# Caption-style text data
--- START ---

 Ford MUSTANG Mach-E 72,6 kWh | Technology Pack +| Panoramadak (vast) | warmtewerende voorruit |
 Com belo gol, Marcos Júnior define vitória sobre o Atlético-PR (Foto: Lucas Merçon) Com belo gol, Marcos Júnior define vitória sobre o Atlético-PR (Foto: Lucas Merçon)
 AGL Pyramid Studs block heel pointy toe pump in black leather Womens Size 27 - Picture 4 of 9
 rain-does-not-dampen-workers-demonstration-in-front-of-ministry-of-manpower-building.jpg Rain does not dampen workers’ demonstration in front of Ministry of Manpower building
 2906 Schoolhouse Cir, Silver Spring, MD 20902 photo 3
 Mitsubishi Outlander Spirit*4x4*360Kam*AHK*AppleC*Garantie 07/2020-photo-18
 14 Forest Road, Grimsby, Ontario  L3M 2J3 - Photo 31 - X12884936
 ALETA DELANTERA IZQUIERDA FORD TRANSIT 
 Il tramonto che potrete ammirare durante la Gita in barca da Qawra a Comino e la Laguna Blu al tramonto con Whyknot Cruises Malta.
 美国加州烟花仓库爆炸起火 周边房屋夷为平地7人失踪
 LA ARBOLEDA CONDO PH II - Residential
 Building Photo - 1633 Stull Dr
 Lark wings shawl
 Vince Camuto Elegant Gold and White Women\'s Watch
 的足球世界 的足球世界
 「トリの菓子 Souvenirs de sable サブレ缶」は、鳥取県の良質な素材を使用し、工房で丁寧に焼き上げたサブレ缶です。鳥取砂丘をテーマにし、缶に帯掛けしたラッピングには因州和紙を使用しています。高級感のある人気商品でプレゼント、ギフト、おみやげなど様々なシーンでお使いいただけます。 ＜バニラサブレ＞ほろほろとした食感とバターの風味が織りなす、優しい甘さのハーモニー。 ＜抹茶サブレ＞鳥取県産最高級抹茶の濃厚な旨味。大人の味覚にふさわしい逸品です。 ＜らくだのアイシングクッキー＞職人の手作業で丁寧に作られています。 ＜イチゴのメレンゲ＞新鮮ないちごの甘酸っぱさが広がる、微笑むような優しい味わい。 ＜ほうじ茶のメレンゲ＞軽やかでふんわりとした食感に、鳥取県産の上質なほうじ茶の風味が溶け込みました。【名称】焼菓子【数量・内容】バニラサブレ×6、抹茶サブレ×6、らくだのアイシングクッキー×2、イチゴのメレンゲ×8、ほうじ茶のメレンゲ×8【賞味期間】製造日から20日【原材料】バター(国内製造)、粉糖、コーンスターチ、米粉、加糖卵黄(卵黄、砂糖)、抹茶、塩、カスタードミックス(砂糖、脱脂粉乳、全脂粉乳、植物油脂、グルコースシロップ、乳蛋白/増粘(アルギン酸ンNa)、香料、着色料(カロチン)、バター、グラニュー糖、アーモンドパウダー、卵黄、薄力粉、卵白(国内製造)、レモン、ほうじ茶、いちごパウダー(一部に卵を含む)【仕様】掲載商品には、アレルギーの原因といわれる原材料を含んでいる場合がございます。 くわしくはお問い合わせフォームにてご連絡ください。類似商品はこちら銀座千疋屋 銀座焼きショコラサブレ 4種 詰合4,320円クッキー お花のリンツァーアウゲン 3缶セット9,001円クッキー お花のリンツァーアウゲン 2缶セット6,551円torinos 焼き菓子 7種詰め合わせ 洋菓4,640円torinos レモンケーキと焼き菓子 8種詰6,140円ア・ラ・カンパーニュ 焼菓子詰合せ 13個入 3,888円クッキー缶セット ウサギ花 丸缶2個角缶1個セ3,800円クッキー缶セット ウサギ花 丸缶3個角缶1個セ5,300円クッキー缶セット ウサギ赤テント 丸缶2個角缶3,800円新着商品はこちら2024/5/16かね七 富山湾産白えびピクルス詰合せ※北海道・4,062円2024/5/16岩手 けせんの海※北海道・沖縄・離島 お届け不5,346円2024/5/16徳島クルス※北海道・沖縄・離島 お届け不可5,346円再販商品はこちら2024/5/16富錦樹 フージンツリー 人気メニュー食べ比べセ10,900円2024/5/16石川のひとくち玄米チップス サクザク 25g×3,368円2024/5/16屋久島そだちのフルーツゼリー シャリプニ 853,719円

--- END ---

# Assigned task
All the records above need to be set down again exactly as they were given.

# Exercise output
 Ford MUSTANG Mach-E 72,6 kWh | Technology Pack +| Panoramadak (vast) | warmtewerende voorruit |
 Com belo gol, Marcos Júnior define vitória sobre o Atlético-PR (Foto: Lucas Merçon) Com belo gol, Marcos Júnior define vitória sobre o Atlético-PR (Foto: Lucas Merçon)
 AGL Pyramid Studs block heel pointy toe pump in black leather Womens Size 27 - Picture 4 of 9
 rain-does-not-dampen-workers-demonstration-in-front-of-ministry-of-manpower-building.jpg Rain does not dampen workers’ demonstration in front of Ministry of Manpower building
 2906 Schoolhouse Cir, Silver Spring, MD 20902 photo 3
 Mitsubishi Outlander Spirit*4x4*360Kam*AHK*AppleC*Garantie 07/2020-photo-18
 14 Forest Road, Grimsby, Ontario  L3M 2J3 - Photo 31 - X12884936
 ALETA DELANTERA IZQUIERDA FORD TRANSIT 
 Il tramonto che potrete ammirare durante la Gita in barca da Qawra a Comino e la Laguna Blu al tramonto con Whyknot Cruises Malta.
 美国加州烟花仓库爆炸起火 周边房屋夷为平地7人失踪
 LA ARBOLEDA CONDO PH II - Residential
 Building Photo - 1633 Stull Dr
 Lark wings shawl
 Vince Camuto Elegant Gold and White Women\'s Watch
 的足球世界 的足球世界
 「トリの菓子 Souvenirs de sable サブレ缶」は、鳥取県の良質な素材を使用し、工房で丁寧に焼き上げたサブレ缶です。鳥取砂丘をテーマにし、缶に帯掛けしたラッピングには因州和紙を使用しています。高級感のある人気商品でプレゼント、ギフト、おみやげなど様々なシーンでお使いいただけます。 ＜バニラサブレ＞ほろほろとした食感とバターの風味が織りなす、優しい甘さのハーモニー。 ＜抹茶サブレ＞鳥取県産最高級抹茶の濃厚な旨味。大人の味覚にふさわしい逸品です。 ＜らくだのアイシングクッキー＞職人の手作業で丁寧に作られています。 ＜イチゴのメレンゲ＞新鮮ないちごの甘酸っぱさが広がる、微笑むような優しい味わい。 ＜ほうじ茶のメレンゲ＞軽やかでふんわりとした食感に、鳥取県産の上質なほうじ茶の風味が溶け込みました。【名称】焼菓子【数量・内容】バニラサブレ×6、抹茶サブレ×6、らくだのアイシングクッキー×2、イチゴのメレンゲ×8、ほうじ茶のメレンゲ×8【賞味期間】製造日から20日【原材料】バター(国内製造)、粉糖、コーンスターチ、米粉、加糖卵黄(卵黄、砂糖)、抹茶、塩、カスタードミックス(砂糖、脱脂粉乳、全脂粉乳、植物油脂、グルコースシロップ、乳蛋白/増粘(アルギン酸ンNa)、香料、着色料(カロチン)、バター、グラニュー糖、アーモンドパウダー、卵黄、薄力粉、卵白(国内製造)、レモン、ほうじ茶、いちごパウダー(一部に卵を含む)【仕様】掲載商品には、アレルギーの原因といわれる原材料を含んでいる場合がございます。 くわしくはお問い合わせフォームにてご連絡ください。類似商品はこちら銀座千疋屋 銀座焼きショコラサブレ 4種 詰合4,320円クッキー お花のリンツァーアウゲン 3缶セット9,001円クッキー お花のリンツァーアウゲン 2缶セット6,551円torinos 焼き菓子 7種詰め合わせ 洋菓4,640円torinos レモンケーキと焼き菓子 8種詰6,140円ア・ラ・カンパーニュ 焼菓子詰合せ 13個入 3,888円クッキー缶セット ウサギ花 丸缶2個角缶1個セ3,800円クッキー缶セット ウサギ花 丸缶3個角缶1個セ5,300円クッキー缶セット ウサギ赤テント 丸缶2個角缶3,800円新着商品はこちら2024/5/16かね七 富山湾産白えびピクルス詰合せ※北海道・4,062円2024/5/16岩手 けせんの海※北海道・沖縄・離島 お届け不5,346円2024/5/16徳島クルス※北海道・沖縄・離島 お届け不可5,346円再販商品はこちら2024/5/16富錦樹 フージンツリー 人気メニュー食べ比べセ10,900円2024/5/16石川のひとくち玄米チップス サクザク 25g×3,368円2024/5/16屋久島そだちのフルーツゼリー シャリプニ 853,719円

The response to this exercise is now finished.